Имярек неизменно верен пушкинским традициям.

Имярек не Набоков, конечно, но фактуру чувствует точно.

Имярек – жалкий эпигон Стругацких / бледная тень Солженицына / клон Донцовой / бездарный подражатель поэтам-символистам.

А вот и несколько конкретных примеров.

Современную Анну Каренину зовут «Тётя Мотя», и ей не надо бросаться под поезд.

Валерий Айрапетян – это почти Альфред де Мюссе в прозе.

Андрей Бычков гордо шествует за своими маститым предшественником Берроузом, дорожку для которого уже протоптали условный Петроний, Рабле, маркиз де Сад, Бодлер, Селин и Генри Миллер с Жаном Жене.

Порой подобные формулировки напоминают косвенные обвинения в эпигонстве и даже в плагиате.

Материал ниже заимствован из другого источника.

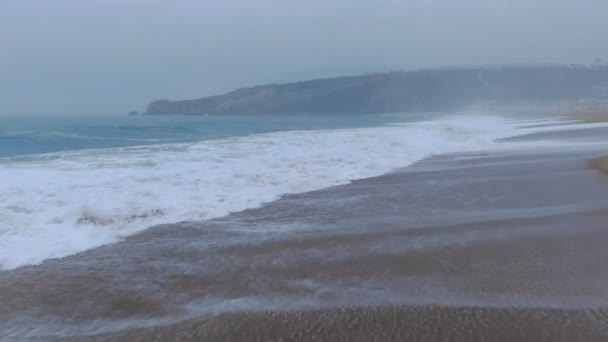 Дивовижні хвилі з білою піною рулон на чистому піску вид зверху — стокове відео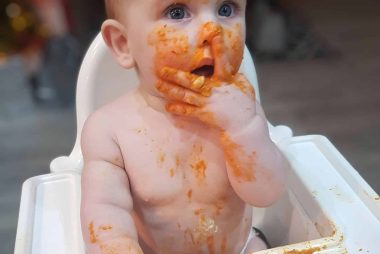 A baby sits in a white highchair, eating tomato pasta. The pasta sauce is all over their face, body and high chair.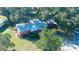 Aerial view of home featuring mature landscaping and metal roof at 1202 12Th St, Edgewater, FL 32132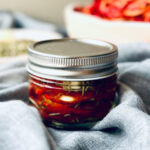 a jar of sealed sun dried tomatoes in a table with a dish towel around them. fresh tomatoes in the background.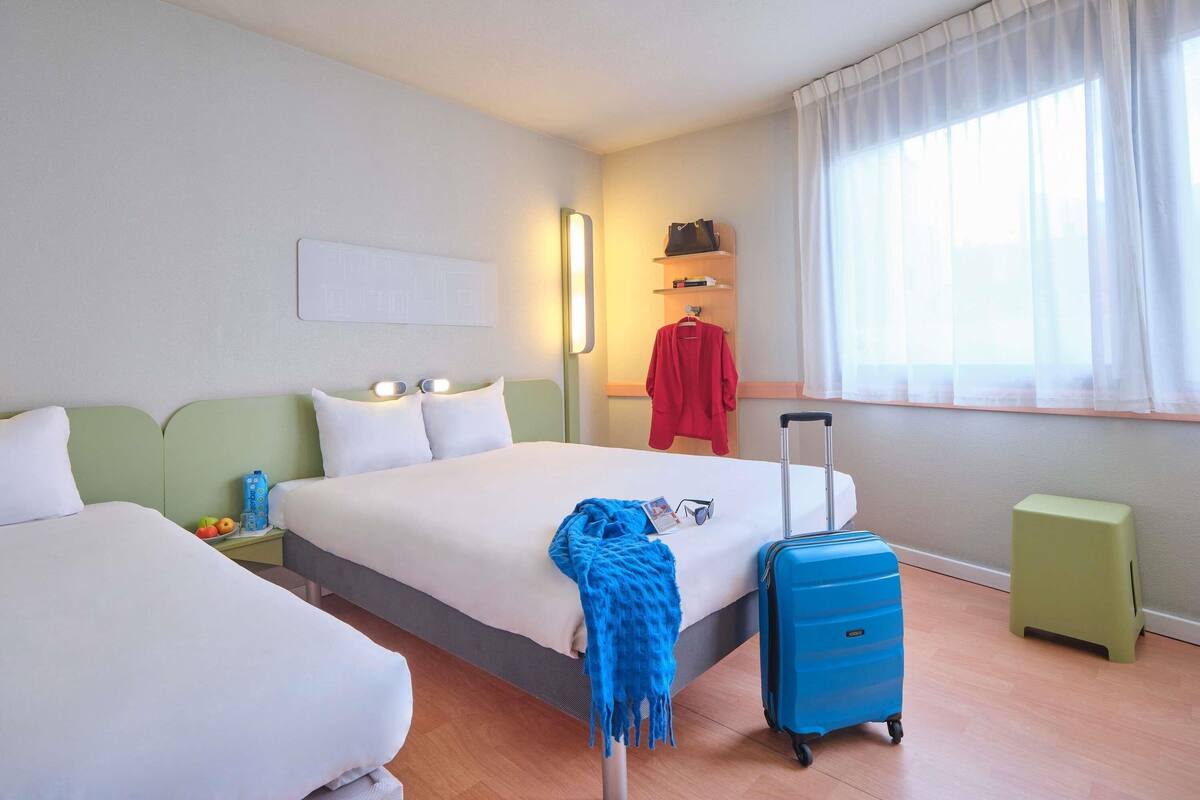 A hotel room with two beds, a nightstand, a suitcase, a small stool, a window with sheer curtains, and a wall-mounted shelf with a handbag.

Все, кто видел хоть пару рассказов Елизарова, сходятся в том, что они поразительным образом напоминают одновременно Сорокина, Пелевина и Мамлеева.

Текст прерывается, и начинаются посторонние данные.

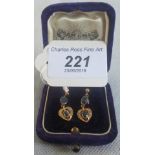A cased pair of sapphire and seed pearl pendant earrings with collet-set oval sapphires,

Профессор Криминале запрыгнул в книжку Абузярова [ «Финское солнце»] прямиком из одноимённого романа Малькольма Брэдбери, да и многие приёмчики, использованные в «Финском солнце» явно позаимствованы у маститого американского коллеги по перу.

Это не говоря уже о том, что сравнения Владимира Сорокина с Виктором Пелевиным, Захара Прилепина с Максимом Горьким, Алексея Иванова с Дмитрием Маминым-Сибиряком, Владимира Козлова с Джоном Сэлинджером давно стали общими местами литературных обзоров и рецензий. А всех сомневающихся, недовольных или несогласных с подобными определениями экспертократы невозмутимо спросят на своём «спецфиском» языке: «В чём дело, граждане затопляемые?» И сами же за всех ответят: «Мы санитарная бригада, ведём очистку территории». И кары на них никакой нету…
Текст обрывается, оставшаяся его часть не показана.